Long-term career consequences
A McKinsey Women in the Workplace 2020 study found that that the Covid-19 crisis put the jobs of women, particularly women of color, in jeopardy, “stalling their careers and jeopardizing their financial security,” it said. “This is an emergency for corporate America unwinding years of painstaking progress toward gender diversity.”
A Pew study on working parents during the pandemic found that parents who were working remotely all or most of the time and who had some childcare duties were more likely than remote-working parents who have little or no childcare duties to say that they could not give 100 percent at work.
Among those who had childcare responsibilities, mothers were more likely than fathers to say they had to reduce their work hours, were treated as if they weren’t committed to their work, had been passed over for a promotion or turned down a promotion.
The employee/C-suite disconnect
Although many employers are sympathetic to employees’ difficulties, there still seems to be a disconnect between employer policies and employee needs.
A U.S. Chamber of Commerce Foundation report showed that most employers believe they provided adequate childcare support, yet they underestimated the number of employees who left the workplace because of childcare concerns.

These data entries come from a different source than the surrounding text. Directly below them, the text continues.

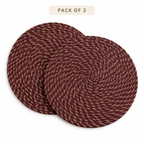 Azure Door Mat Set of 2 (40x40 cm)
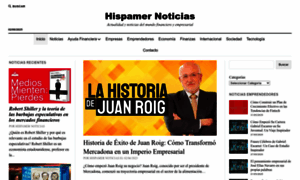 Hispamer.es thumbnail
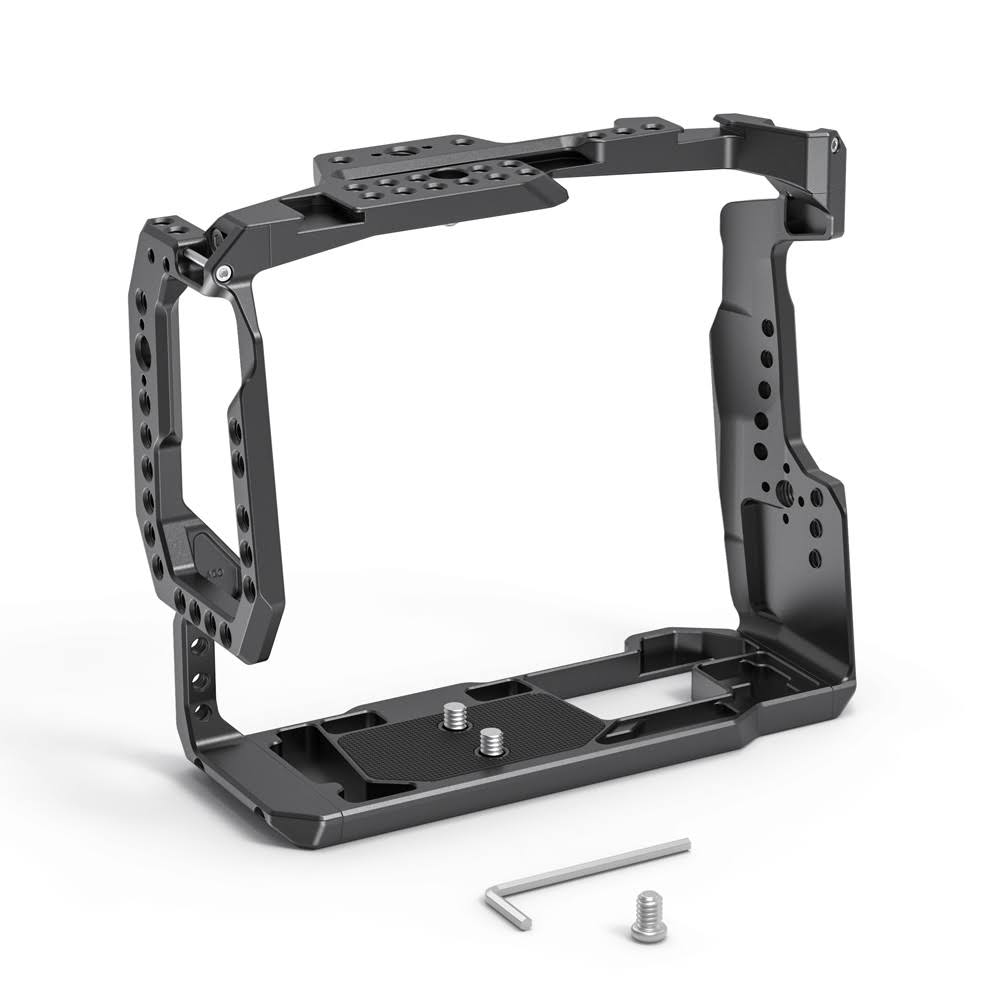 Camera Cage with Battery Grip V9667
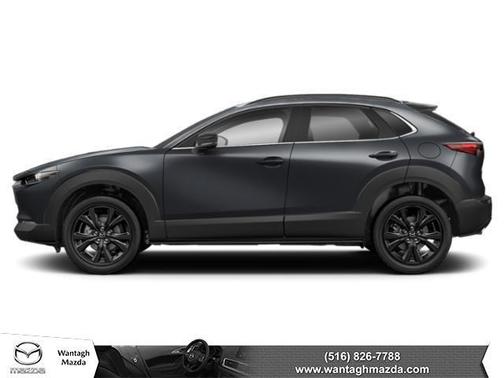 2025 Mazda CX-30 2.5 Turbo Premium Package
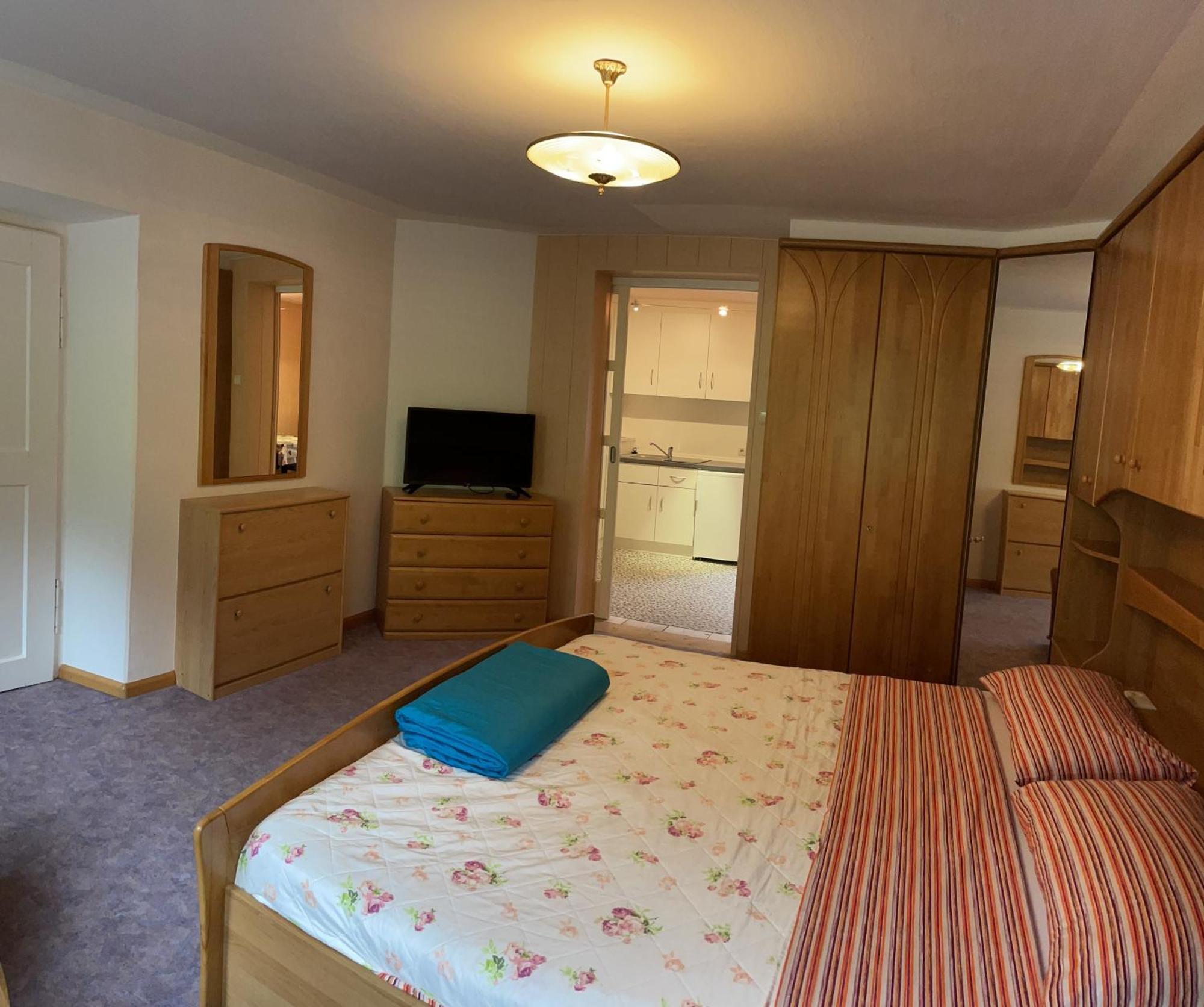 Alpen Ferienwohnung II Lappago 외부 사진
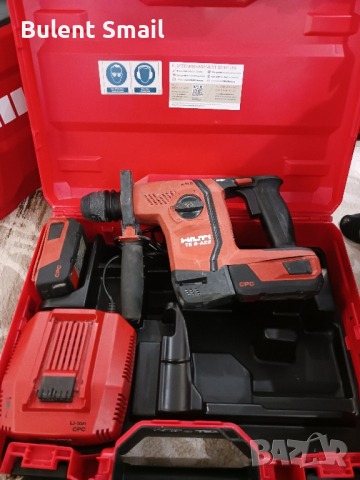 Перфоратор TE6 HILTI, снимка 1 - Други инструменти - 44934393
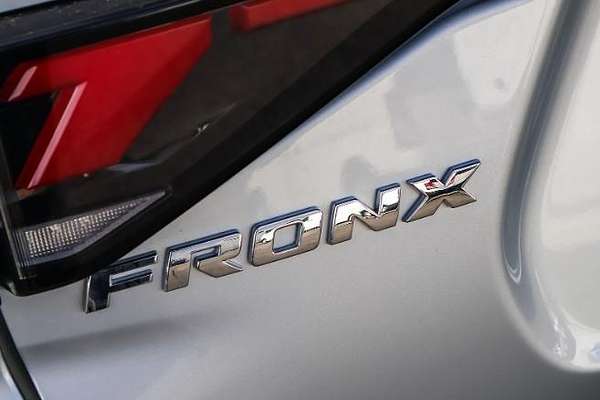 2025 Suzuki Fronx Hybrid GLX KW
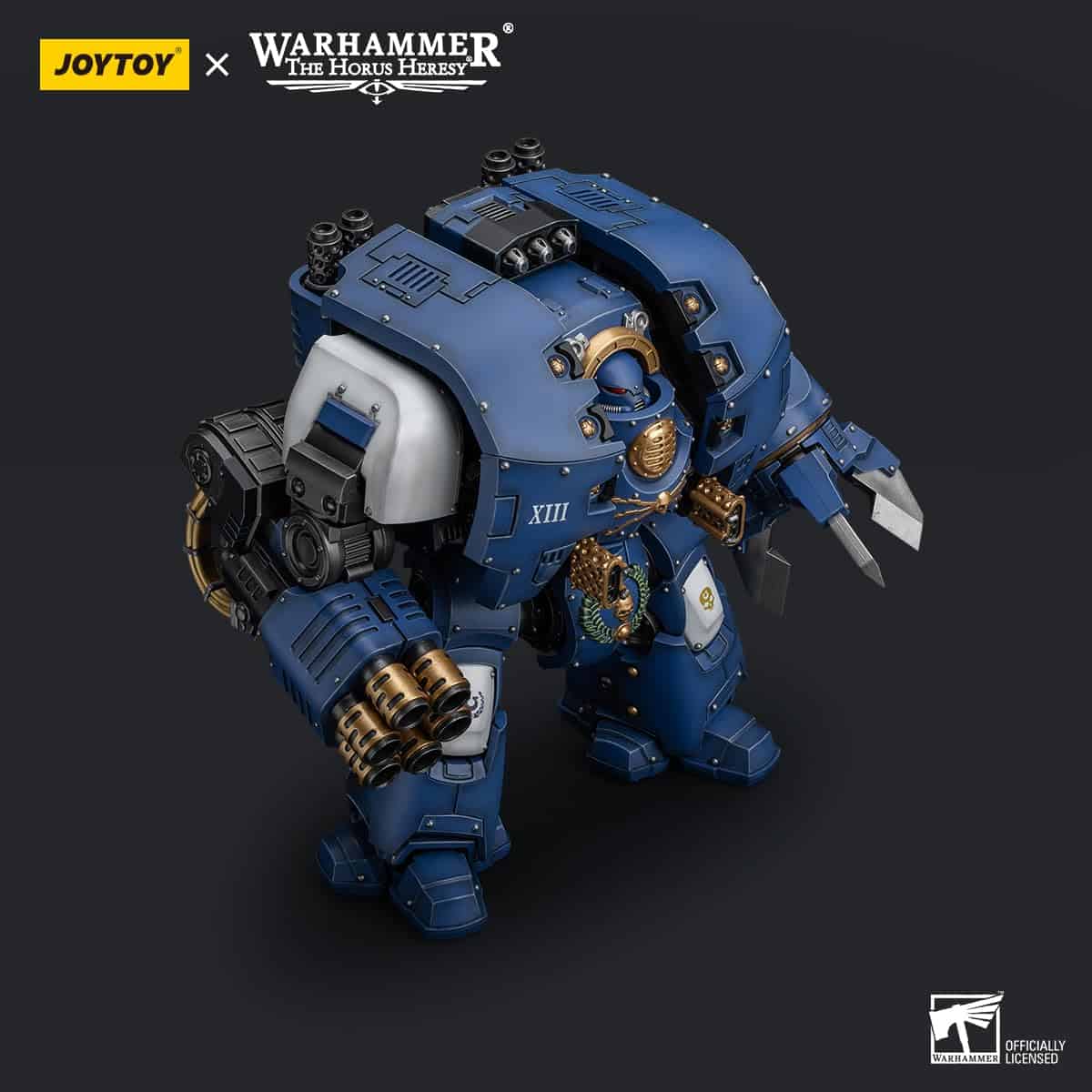 Figura de acción JoyToy Warhammer 40k: Ultramarines - Imagen 4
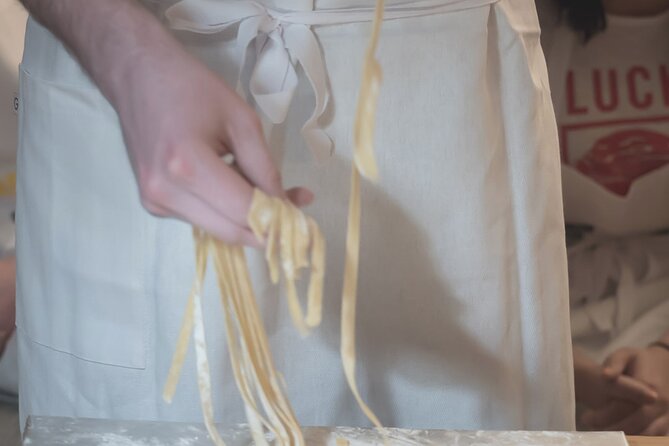 Traditional Home Cooking Experience in Venice - Full pasta menu vs express Bite-and-Go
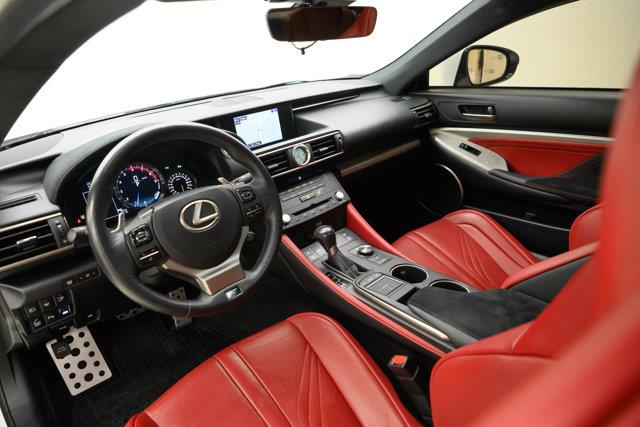 lexus RC F 2015 - 23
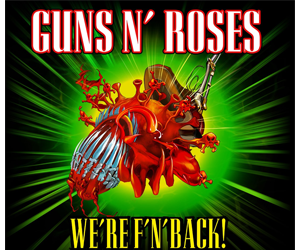 BBB Box Office: Guns ‘N Roses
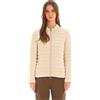 HOMEWARD MARSHA LIGHT STRETCH ECO DOWN STAND COLLAR Piumino Donna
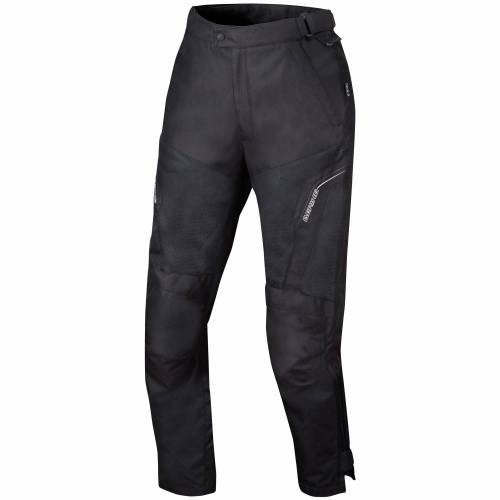 Pantaloni Moto de Vară din Textil BERING CANCUN · Negru 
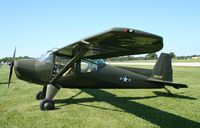 N1828B @ C66 - Luscombe T-8F - by Mark Pasqualino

The McKinsey study cited employers’ lack of flexibility in compounding workers’ difficulties, with some employers applying pre-pandemic standards to job performance.
Employees are rightfully concerned about how the stresses of remote work during the pandemic will be reflected in their performance evaluations, according to Beckman.
“It’s unreasonable for organization to not acknowledge that if you go from 40 hours of school to zero, of course you’re going to get less work done,” Beckman said.
Meanwhile, workers with no childcare duties are being incredibly productive, she noted, adding that if workers with kids are penalized in terms of promotions and pay raises, this will only increase existing inequalities.
Since the pandemic began, 5.4 million women have lost their jobs, according to the National Women’s Law Center. As many as 2 million women are considering leaving the workplace, the McKinsey study found.
If women make a mass exodus, the McKinsey study states, “we’ll end up with far fewer women in leadership — and far fewer women on track to be future leaders.”
Flexibility and support key
Successful remote work requires more than “giving someone a laptop and assuming they’re going to be happy,” Beckman said. Still, she is a proponent of remote work — as long as it provides flexibility. But she makes a distinction between forced pandemic remote work and pre- or post-pandemic remote work.
“Eight hours of Zoom a day is not flexibility,” she added.
To be sure, some large corporations have stepped up during the health crisis with benefits for parents such as subsidized child supervision, online child tutoring, help with forming learning pods and pretax childcare spending accounts.
Beckman has a suggestion that goes beyond childcare, and which could benefit even the childless.
Silicon Valley tech companies are well known for having campuses with restaurants, gyms, dry-cleaning pickup and other services that enable employees to work more.
“If people are going to work from home, why not pay for someone to clean their house, deliver their groceries and pick up their dry cleaning?” she asked. If these services were useful while working in the office, they’re even more necessary when people are working at home with no infrastructure, she noted.
Still, for many people the most useful type of flexibility remote work could provide is the ability to choose which task to do where, which may have to wait until after the pandemic subsides.
“There’s actually something really nice about going into an office to escape your home life, going to a place where someone has made the coffee,” Beckman said.
Lisa Edmonds, the Pennsylvania mom, agrees.
After the pandemic, “I will continue to do some remote work, but I do like going into the office. … I do think I need to focus and concentrate on work, and not have the distraction of kids.”